> _RAW DATA_
________________

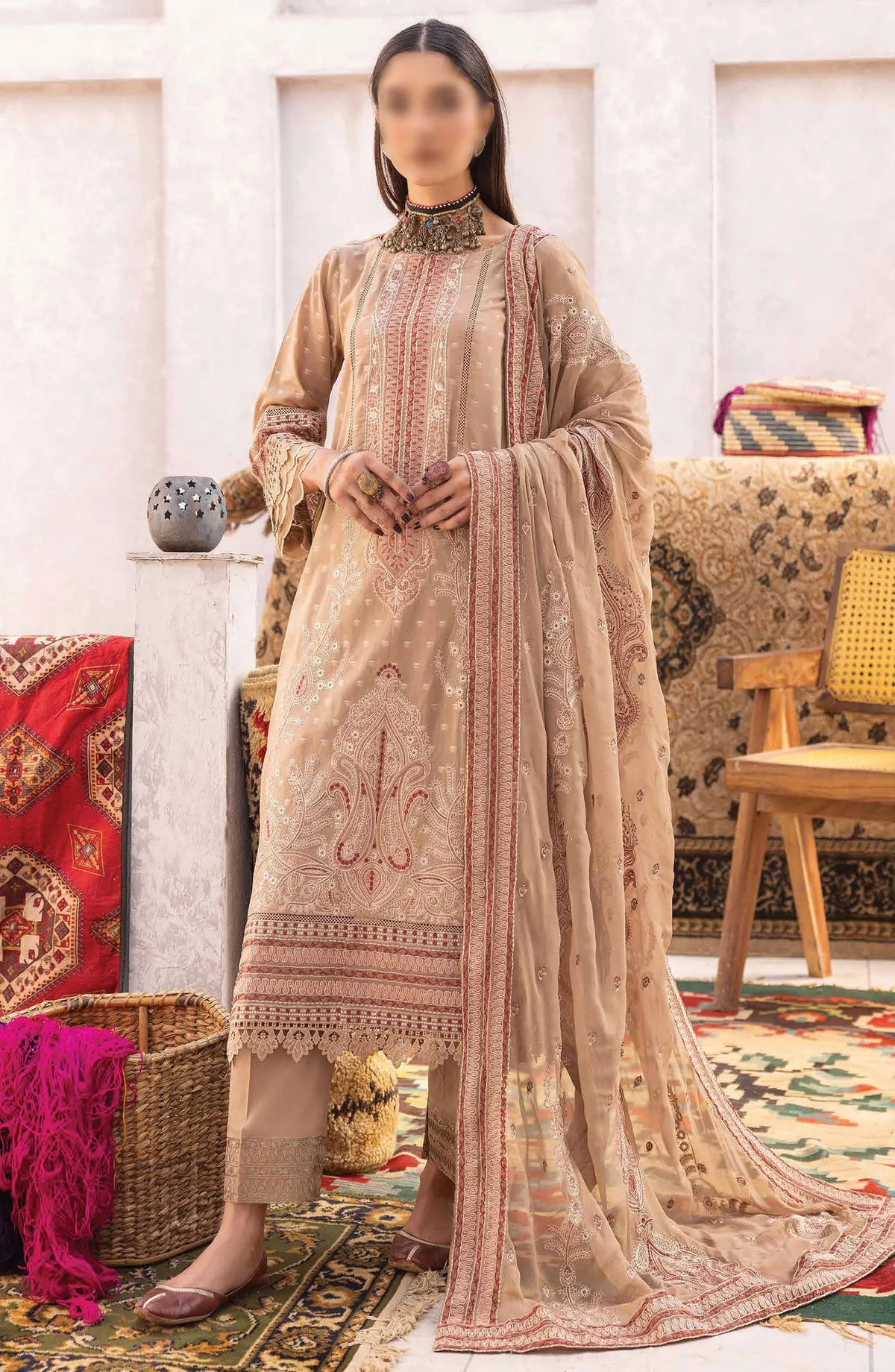 Johra Naqsh Embroidered Banarsi Jacquard Lawn Collection - JH 234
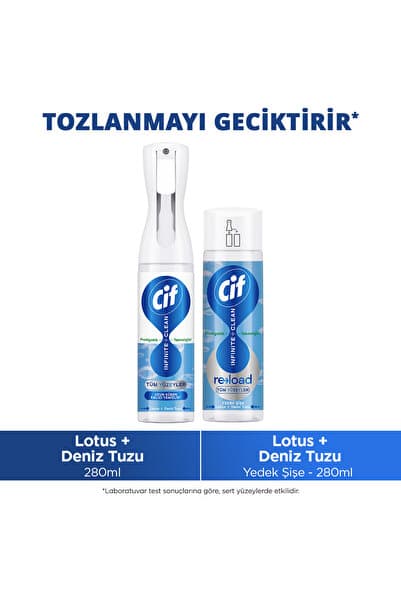 Infinite Clean Sprey Lotus & Deniz Tuzu 280 ml x1 + Infinite Clean Yedek Şişe 280 ml x1
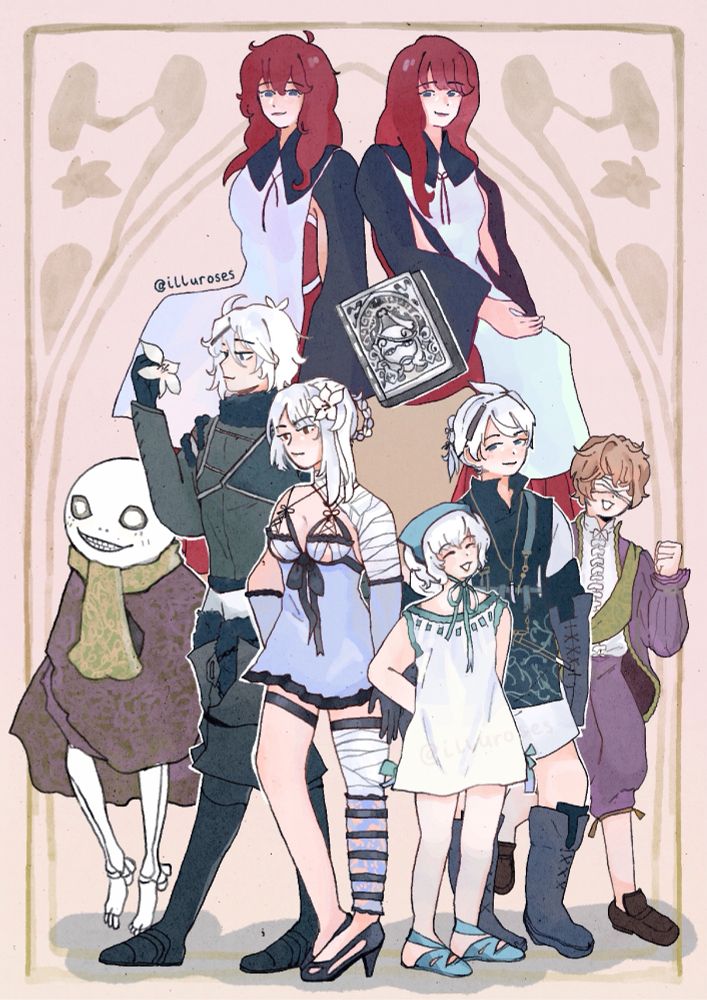 The cast of Nier Replicant (Nier, Kaine, Emil, Yonah, Delova and Popola in a portrait. Devola and Popola are sitting above the rest of the cast, with both post and pre timeskip versions of Nier and Emil.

________________

> _WHAT THIS TASK INVOLVES_
These lines alone form the answer: the one containing "Infinite Clean Sprey" and every line after it through the end of the material, exactly as written, pictures left out.

> _SOLUTION BELOW_
 Infinite Clean Sprey Lotus & Deniz Tuzu 280 ml x1 + Infinite Clean Yedek Şişe 280 ml x1
 The cast of Nier Replicant (Nier, Kaine, Emil, Yonah, Delova and Popola in a portrait. Devola and Popola are sitting above the rest of the cast, with both post and pre timeskip versions of Nier and Emil.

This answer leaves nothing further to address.